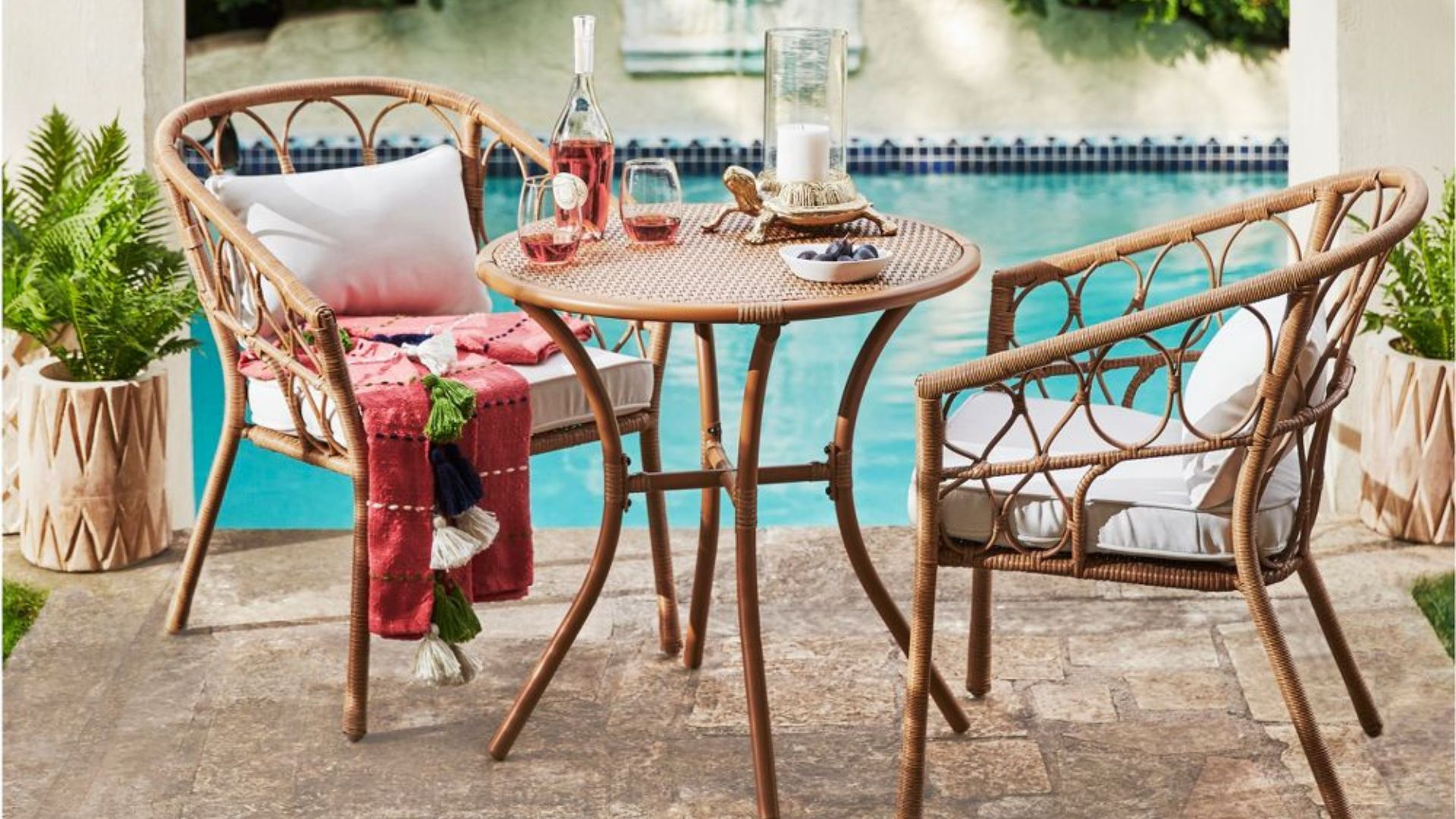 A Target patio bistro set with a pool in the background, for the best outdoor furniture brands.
-------------------------
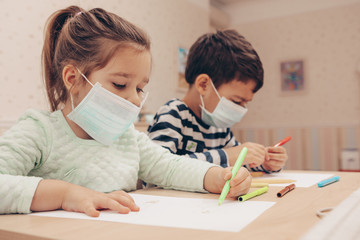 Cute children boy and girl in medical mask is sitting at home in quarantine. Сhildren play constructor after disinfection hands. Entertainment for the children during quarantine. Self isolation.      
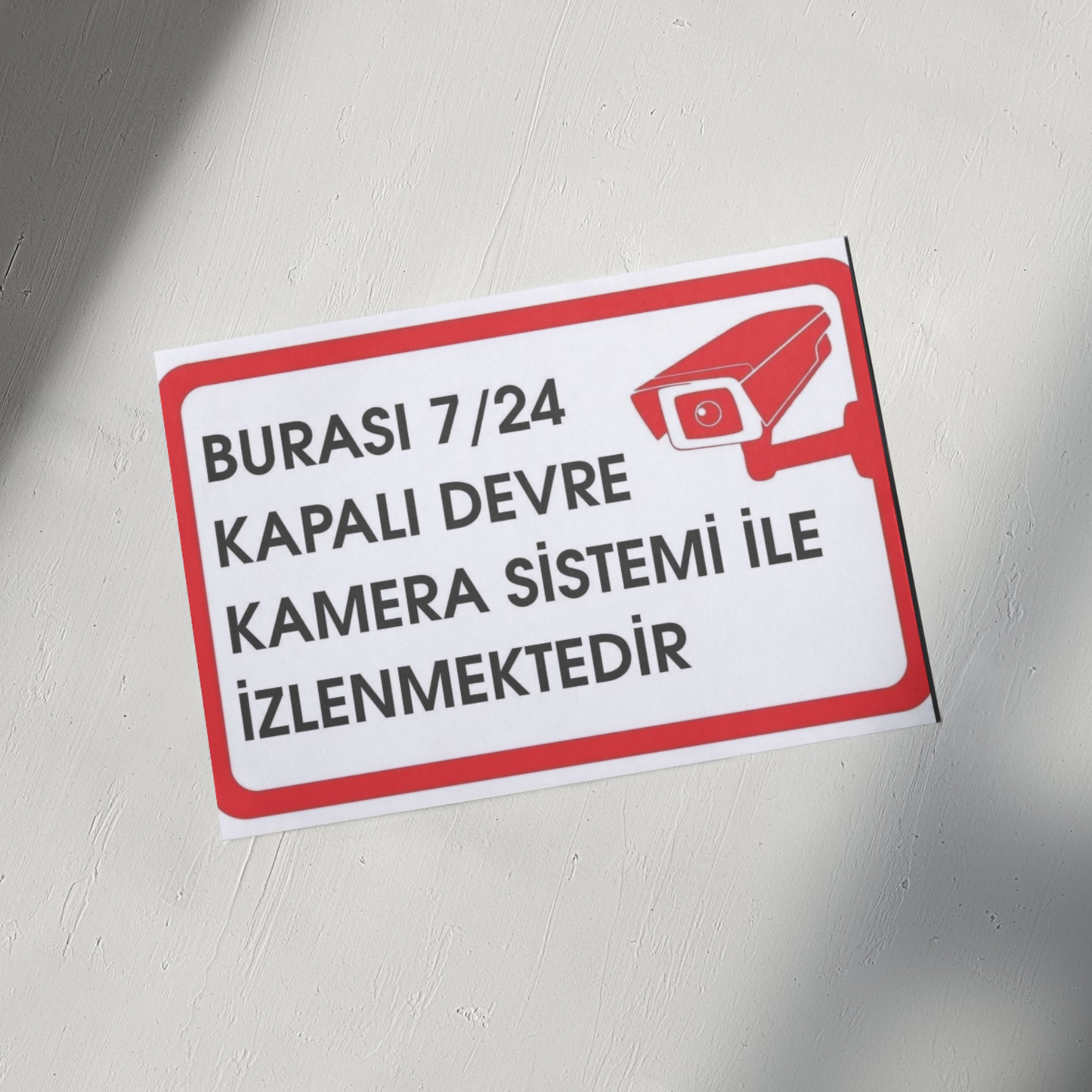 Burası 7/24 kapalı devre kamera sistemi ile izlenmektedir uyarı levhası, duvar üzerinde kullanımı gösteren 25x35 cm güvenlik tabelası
-------------------------
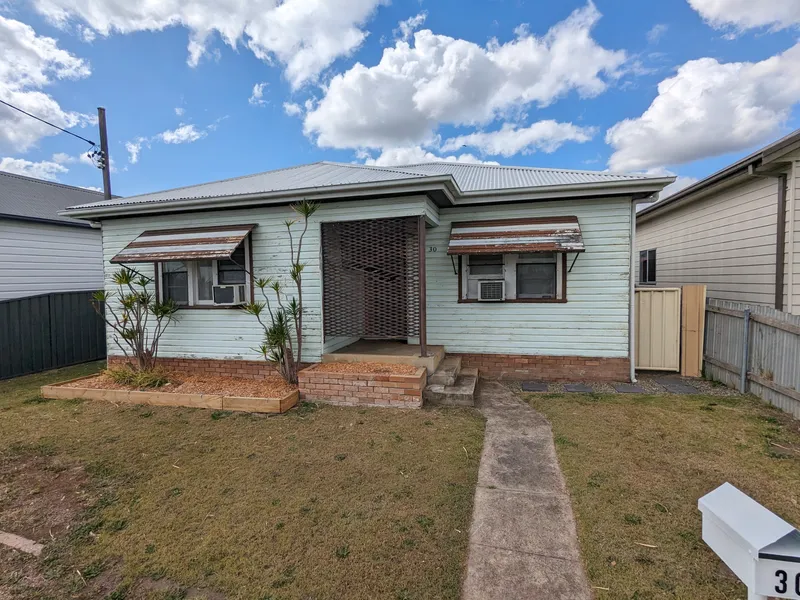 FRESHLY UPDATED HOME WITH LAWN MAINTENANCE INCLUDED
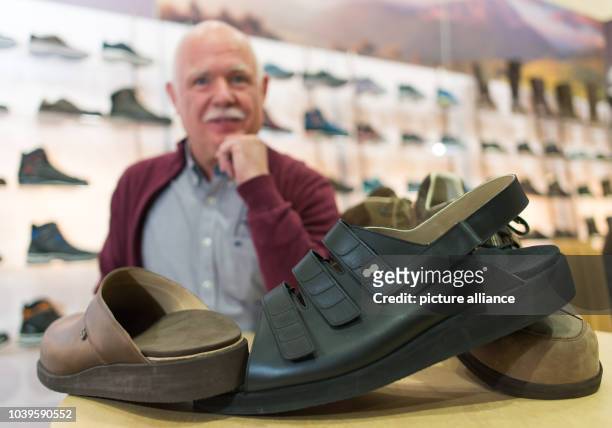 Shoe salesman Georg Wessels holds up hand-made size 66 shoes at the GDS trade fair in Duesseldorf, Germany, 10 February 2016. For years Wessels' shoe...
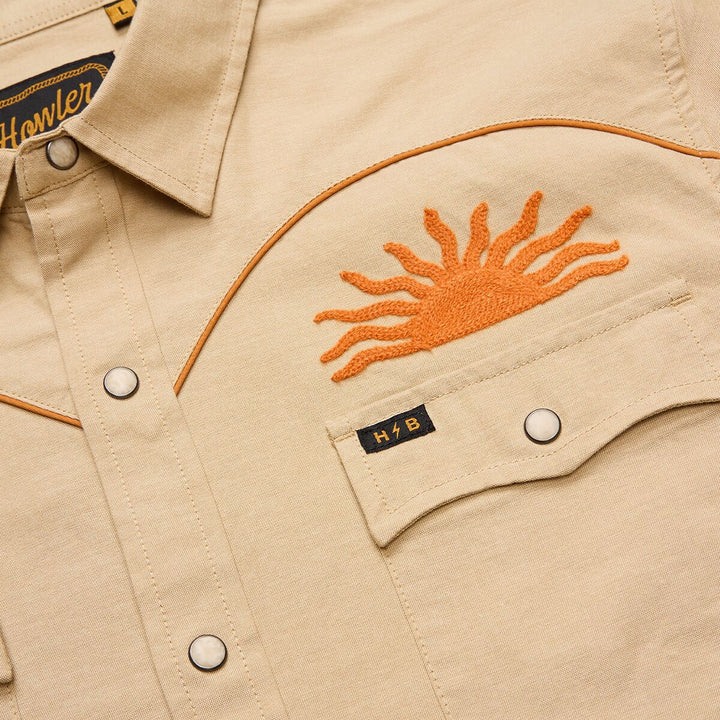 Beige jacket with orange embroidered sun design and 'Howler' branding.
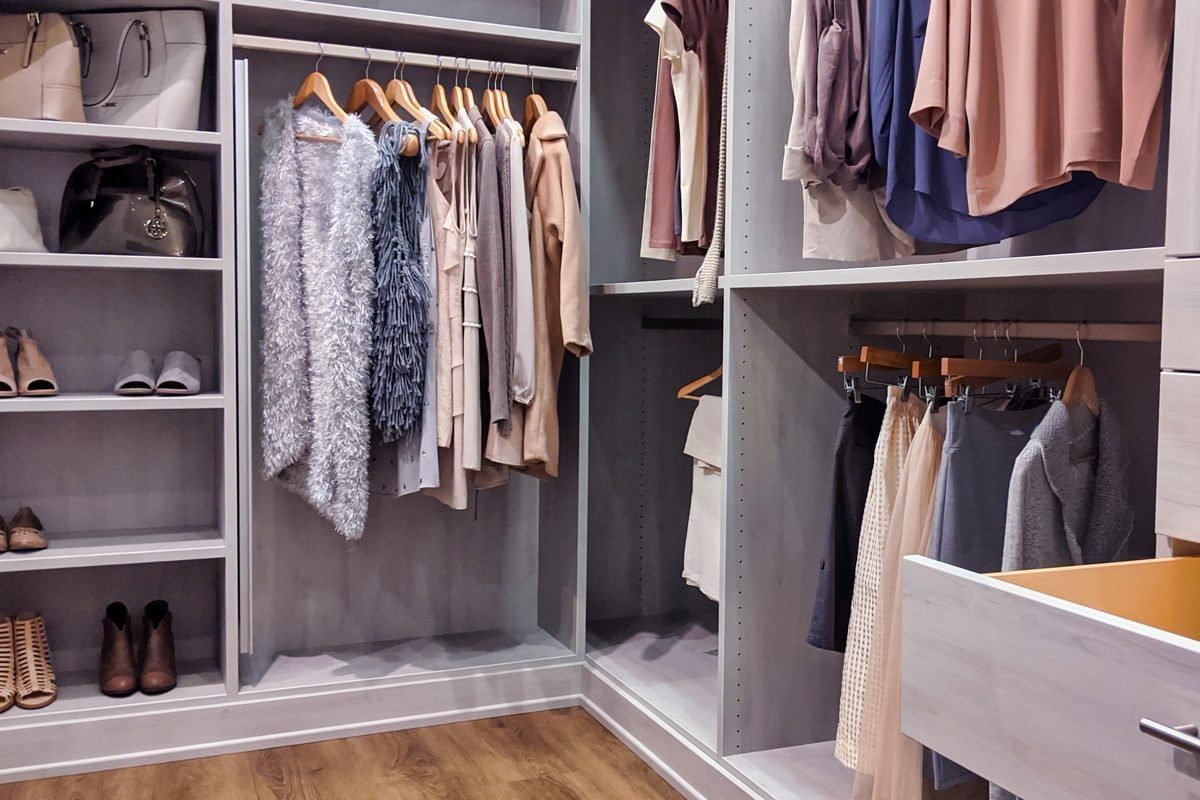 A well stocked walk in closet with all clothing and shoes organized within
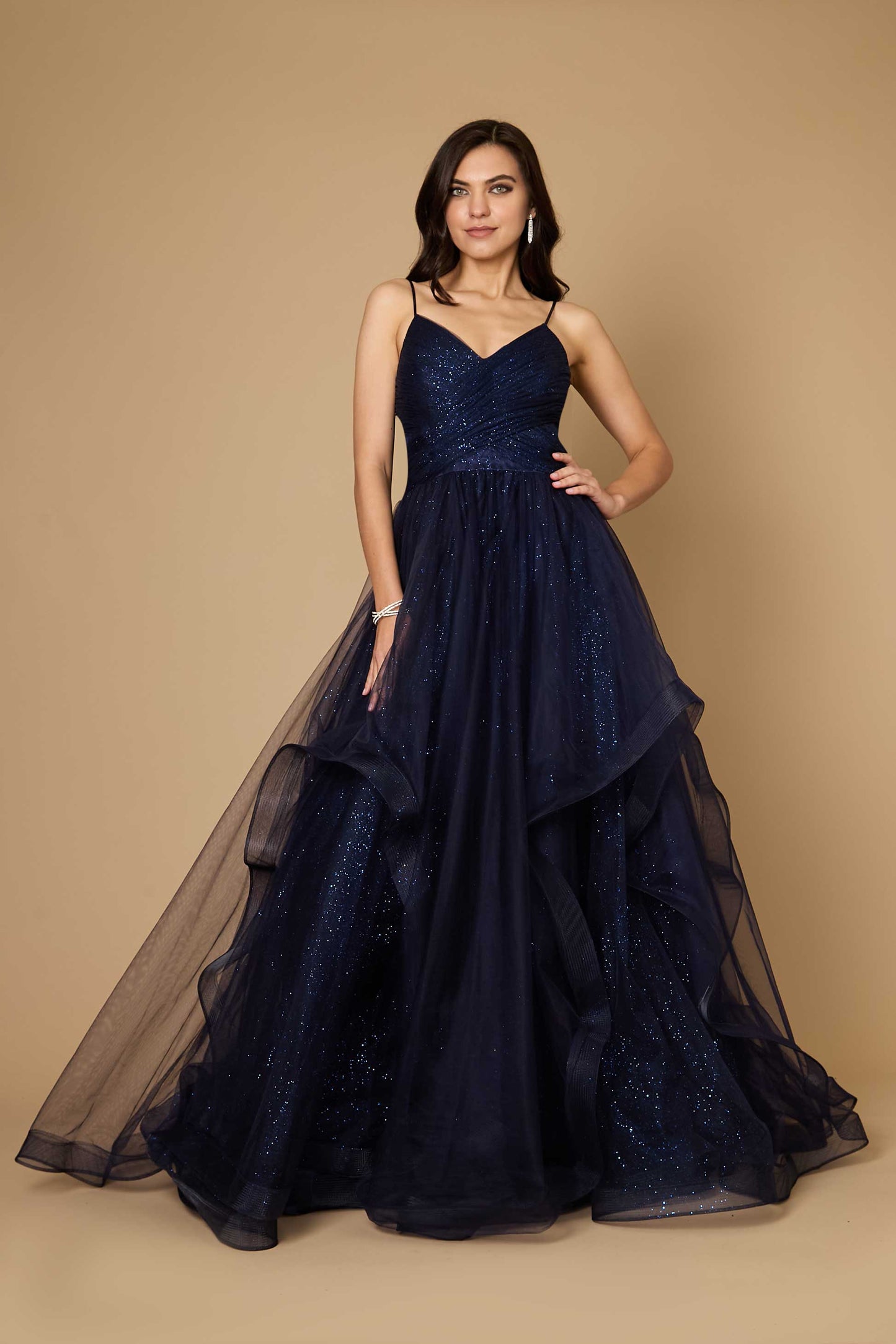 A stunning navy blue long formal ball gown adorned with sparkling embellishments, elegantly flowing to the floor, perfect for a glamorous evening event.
-------------------------
== Required work ==
In the listing above, find the line containing "A well stocked". Output it and every line after it up to and including the line containing "A stunning navy", exactly, but skip the pictures.

== Answer ==
 A well stocked walk in closet with all clothing and shoes organized within
 A stunning navy blue long formal ball gown adorned with sparkling embellishments, elegantly flowing to the floor, perfect for a glamorous evening event.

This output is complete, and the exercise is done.